# How to remove old garage door screw drive lubricant?



## joecaption (Nov 30, 2011)

Why would you want to? Just add new and run it a few time to spread it around.


----------



## dpreznik (Oct 13, 2006)

joecaption said:


> Why would you want to? Just add new and run it a few time to spread it around.


Because manuals that i read online said i should remove the old lubricant first.


----------



## RWolff (Jan 27, 2013)

dpreznik said:


> Because manuals that i read online said i should remove the old lubricant first.


Not sure how to do this, you might need to open it up to do it, but lacquer thinner works well for disolving old grease and it's usually pretty cheap. but it IS flammable and should be used outdoors.
I use it for cleaning up any greasy/oily machines I have to repair.

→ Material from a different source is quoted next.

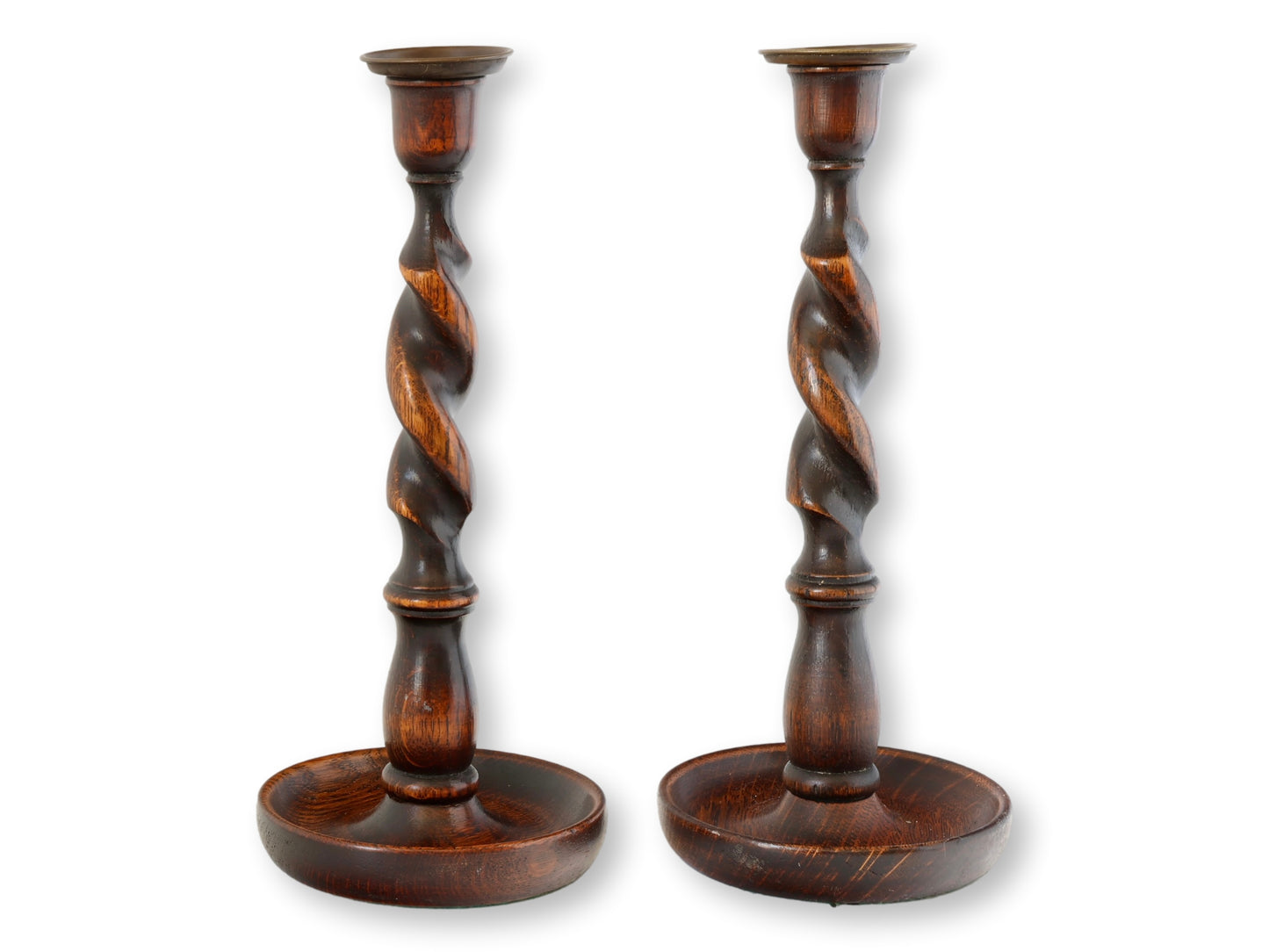 Pair of 12" Antique English Barley Twist Candlesticks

Simple green used full strength with a brush may get some of it, but either way it will be a chore.


----------



## firehawkmph (Dec 12, 2009)

If you really want to get it out, try WD-40. But it's going to make a mess. I install doors and openers and have never taken out any old grease. Use the low temp grease in the tube that is designed for the screw drive openers. Run a bead down the length of the screw and run the door up and down a few times. Watch for goobers to drop off and wipe those off. I don't install screw drives just for this reason. They are usually the noisiest openers going and they always make a mess. And P.S., quit reading so much on the internet. :wink:
Mike Hawkins


----------



## dpreznik (Oct 13, 2006)

Thank you everybody who answered!


----------



## Shaynecalkins (Jan 17, 2013)

just a note for an old post, wd-40 and three rolls of paper towels will do it but it takes hours, and its messy. i take the rail down, pull the screw out, run solvent and a rag down the empty rail. Then i take the screw portion, put it in my oversize drill. use the drill to drive the screw and hold a towel with solvent around the screw and activate the drill. the towel will walk all the way down the screw and off the end. degreased. 2 hours minimum,for a pro. worth the effort though. and whenever possible use genie authorized lube. The brand is lubriplate the model name they use is "aero" its good stuff. anything else can seize the screw in the rail. Which is why they want you to remove the old stuff. there's no telling what was used on it. i don't work for them but i like this opener. very few problems and cheap to fix. Yes it can be LOUD. but it will lift a door with a broken spring for six months. better applied torque. 3/4 hp got nothing on these guys.they were kicking 1 hp when 1/2 was cool.


----------



## PoleCat (Sep 2, 2009)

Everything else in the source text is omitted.